Even worse, on SuSE 7 systems, SuSEconfig’s actions are occasionally just plain wrong. A particularly egregious example occurs with the Postfix electronic mail package. By default, the primary Postfix configuration file, main.cf, is overwritten every time the Postfix SuSEconfig subscript is executed.[8] The latter happens every time SuSEconfig runs, which is practically every time you change anything on the system with YaST or YaST2 (regardless of its lack of relevance to Postfix). The net result is that any local customizations to main.cf get lost. Clearly, adding a new game package, for example, shouldn’t clobber a key electronic-mail configuration file.
Fortunately, these problems have been cleared up in SuSE Version 8. I do also use YaST2 on SuSE 7 systems, but I’ve examined all of the component subscripts thoroughly and made changes to configuration files to disable actions I didn’t want. You should do the same.
FreeBSD offers only the sysinstall
utility in terms of administrative tools, the same
program that manages operating system installations and upgrades (its
main menu is illustrated in Figure
1-8). Accordingly, the tasks that it can handle are limited to
the ones that come up in the context of operating system
installations: managing disks and partitions, basic networking
configuration, and so on.
Both the Configure and Index menu items are of interest for general system administration tasks. The latter is especially useful in that it lists individually all the available operations the tool can perform.
The Tru64 operating system offers the SysMan facility. This tool is essentially menu driven
despite the fact that it can run in various graphical environments,
including via a Java 1.1-enabled browser. SysMan can run in two
different modes, as shown in Figure
1-9: as a system administration utility for the local system or
as a monitoring and management station for the network. These two
modes of operations are selected with the sysman
command’s -menu
and -station
options, respectively; -menu
is the default.
This utility does not have any command preview or logging
features, but it does have a variety of "accelerators”: keywords that can be used to initiate a
session at a particular menu point. For example, sysman shutdown
takes you directly to the
system shutdown dialog. Use the command sysman -list
to obtain a complete list of
all defined accelerators.
One final note: the insightd
daemon must be running in order to be able to access the SysMan online
help.
The freely available operating systems often provide some additional administrative tools as part of the various window manager packages that they include. For example, both the Gnome and KDE desktop environments include several administrative applets and utilities. Those available under KDE on a SuSE Linux system are illustrated in Figure 1-10.

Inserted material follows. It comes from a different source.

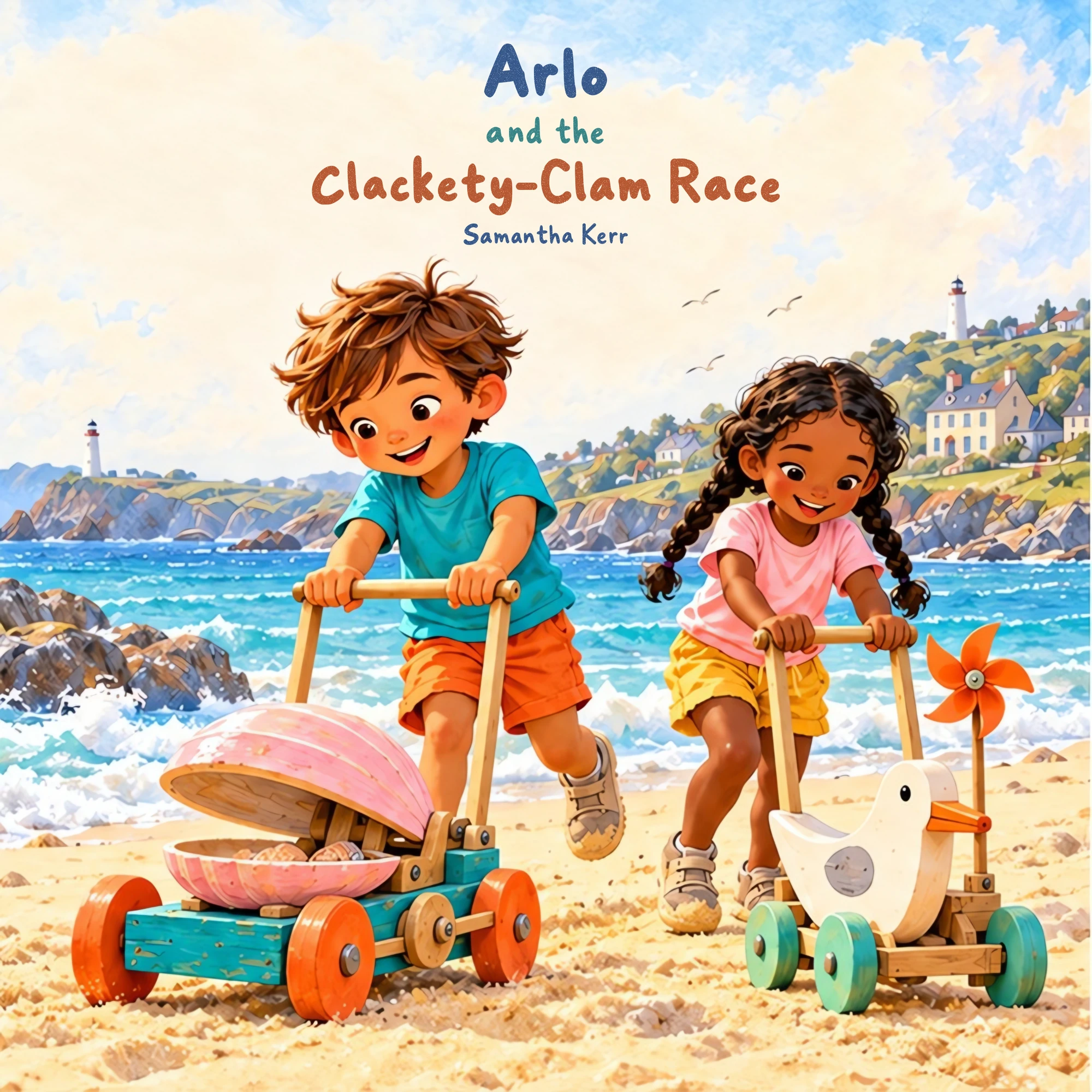 Arlo and the Clackety-Clam Race cover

We will consider some of the best of these tools from time to time in this book.
The Ximian project brings together the latest release of the Gnome desktop, the Red Carpet web-based system software update facility, and several other items into what is designed to be a commercial-quality desktop environment. As of this writing, it is available for several Linux distributions and for Solaris systems. Additional ports, including to BSD, are planned for the future.
The Ximian Setup Tools are a series of applets designed to facilitate system administration, ultimately in a multiplatform environment. Current modules allow you to administer boot setup (i.e., kernel selection), disks, swap space, users, basic networking, shared filesystems, printing, and the system time. The applet for the latter is illustrated in Figure 1-11.

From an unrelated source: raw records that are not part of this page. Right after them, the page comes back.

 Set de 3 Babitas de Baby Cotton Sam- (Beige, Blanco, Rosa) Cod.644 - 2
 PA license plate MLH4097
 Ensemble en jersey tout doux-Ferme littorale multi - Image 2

This applet, even in this early incarnation, goes well beyond a simple dialog allowing you to set the current date and time; it also allows you to specify time servers for Internet-based time synchronization. The other tools are of similar quality, and the package seems very promising for those who want GUI-based system administration tools.
I’ll close this section by briefly looking at one additional administrative tool that can be of great use for remote administration, especially in a heterogeneous environment. It is called VNC, which stands for “virtual network computing.” The package is available for a wide variety of Unix systems[9] at http://www.uk.research.att.com/vnc/. It is shown in Figure 1-12.
The illustration depicts the entire desktop on a SuSE Linux system. You can see several of its icons along the left edge, as well as the tool bar at the bottom of the screen (where you can determine that it is running the KDE window manager).
The four open windows are three individual VNC sessions to
different remote computers, each running a different operating system
and a local YaST session. Beginning at the upper left and moving
clockwise, the remote sessions are a Red Hat Linux system (Linuxconf
is open), a Solaris system (we can see admintool
), and an HP-UX system (running
SAM).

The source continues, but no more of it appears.